Please reproduce verbatim the lines below, from the first through the one with "Usata VW Passat".
====== EXTRACTED MATERIAL
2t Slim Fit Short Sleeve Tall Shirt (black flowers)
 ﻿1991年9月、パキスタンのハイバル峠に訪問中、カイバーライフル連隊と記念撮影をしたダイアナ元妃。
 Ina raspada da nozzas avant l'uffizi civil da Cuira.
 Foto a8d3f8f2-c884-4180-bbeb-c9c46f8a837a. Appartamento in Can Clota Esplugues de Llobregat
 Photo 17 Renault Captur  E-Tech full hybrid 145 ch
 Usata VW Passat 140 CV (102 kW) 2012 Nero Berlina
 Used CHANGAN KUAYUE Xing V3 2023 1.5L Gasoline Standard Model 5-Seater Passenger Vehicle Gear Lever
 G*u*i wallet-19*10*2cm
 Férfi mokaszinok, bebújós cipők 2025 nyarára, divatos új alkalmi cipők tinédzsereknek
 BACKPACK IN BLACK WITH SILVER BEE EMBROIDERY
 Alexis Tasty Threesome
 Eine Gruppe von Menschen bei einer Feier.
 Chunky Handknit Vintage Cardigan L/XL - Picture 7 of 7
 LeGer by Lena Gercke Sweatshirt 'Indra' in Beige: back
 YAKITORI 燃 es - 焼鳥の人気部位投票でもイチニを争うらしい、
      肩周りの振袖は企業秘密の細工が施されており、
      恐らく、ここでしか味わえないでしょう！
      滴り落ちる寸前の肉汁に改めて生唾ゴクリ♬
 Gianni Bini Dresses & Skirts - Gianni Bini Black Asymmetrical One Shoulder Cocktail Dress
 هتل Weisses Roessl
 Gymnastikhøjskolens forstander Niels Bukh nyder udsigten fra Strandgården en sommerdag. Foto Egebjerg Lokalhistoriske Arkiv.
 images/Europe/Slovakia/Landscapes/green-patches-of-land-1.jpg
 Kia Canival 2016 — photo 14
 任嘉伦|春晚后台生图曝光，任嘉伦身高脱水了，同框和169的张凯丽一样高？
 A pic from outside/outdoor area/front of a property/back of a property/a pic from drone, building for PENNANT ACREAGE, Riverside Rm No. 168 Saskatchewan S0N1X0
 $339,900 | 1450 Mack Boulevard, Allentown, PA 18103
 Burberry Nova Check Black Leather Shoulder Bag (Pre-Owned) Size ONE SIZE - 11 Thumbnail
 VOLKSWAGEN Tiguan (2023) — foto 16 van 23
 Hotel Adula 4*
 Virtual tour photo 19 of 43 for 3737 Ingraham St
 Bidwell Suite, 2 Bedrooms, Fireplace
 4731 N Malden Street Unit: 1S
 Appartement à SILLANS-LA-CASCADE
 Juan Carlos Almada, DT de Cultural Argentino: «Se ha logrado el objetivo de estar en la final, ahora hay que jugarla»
============
## RESULT OF THE TASK
2t Slim Fit Short Sleeve Tall Shirt (black flowers)
 ﻿1991年9月、パキスタンのハイバル峠に訪問中、カイバーライフル連隊と記念撮影をしたダイアナ元妃。
 Ina raspada da nozzas avant l'uffizi civil da Cuira.
 Foto a8d3f8f2-c884-4180-bbeb-c9c46f8a837a. Appartamento in Can Clota Esplugues de Llobregat
 Photo 17 Renault Captur  E-Tech full hybrid 145 ch
 Usata VW Passat 140 CV (102 kW) 2012 Nero Berlina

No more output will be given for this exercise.